Ne consegue che nemmeno l’ex Roma Umar Sadiq, stella e capocannoniere della squadra nelle due stagioni disputate in Andalusia, può essere considerato incedibile. Nel club dello sceicco che vuole fare soldi “tutti hanno un costo”, dice El Assy. Che ai tifosi non promette di lottare con Madrid e Barcellona, né di arrivare in Europa molto presto (“per quello serviranno tre, quattro anni, se tutto va bene”), ma “di non scendere mai più di categoria”.
Anche per quello, però, servono gli investimenti, e magari anche i grandi nomi, di quelli che scaldano le piazze. Che sia il momento di alzare il telefono e anticipare i tempi con quel Leo Messi, tanto amico dello sceicco? El Assy se la ride, ma non esclude nulla. “La nostra passione rimarrà cercare talenti, vederli crescere e venderli, che è una buona passione anche per le nostre finanze. Però, certo, se avremo la possibilità di prendere Messi io sarò contento”.
L’arrivo di una stella ad Almería, dunque, rimane appeso alla volontà del presidente di uscire dai binari di un progetto più rigido di quanto suggerivano le fantasie della prima ora. Non è una sorpresa, in realtà: l’aveva detto lo stesso El Assy, al suo arrivo, che “non è un idiota venuto qui a buttare denaro”.
Nel mentre, però, la gente sembra già felice così. “Quello che sta succedendo quest’anno non si è mai visto prima”, dice un tifoso.
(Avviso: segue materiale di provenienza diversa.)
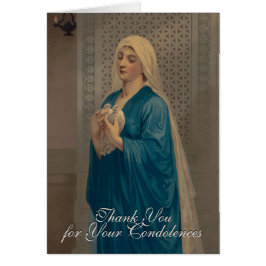 Cartão de Agradecimento de Condolências do Funeral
In effetti, 22 giornate passate in cima alla classifica non erano mai capitate in tutta la storia del club. “Dicevano che non abbiamo tifosi, guarda qua”, fa un altro mostrando il flusso della gente che affolla lo stadio. “È da tantissimi anni che non era così pieno. Noi giocatori ci sentiamo davvero di poter fare cose grandissime in questo ambiente”, aggiunge il terzino Alejandro Pozo.
Oggi i biancorossi allo stadio sono 15.000, presto potranno entrarne 25.000, quando la società avrà completato gli ambiziosi piani di ristrutturazione dell’impianto. Una capienza non scontata per una cittadina di 200.000 abitanti. Che dopo lo scetticismo iniziale sono perdutamente innamorati di Turki, forse il primo sceicco nella storia che vuole trionfare nel calcio “senza mettere un euro”, di certo il primo che può permettersi di dare una testata a Zidane e farla franca.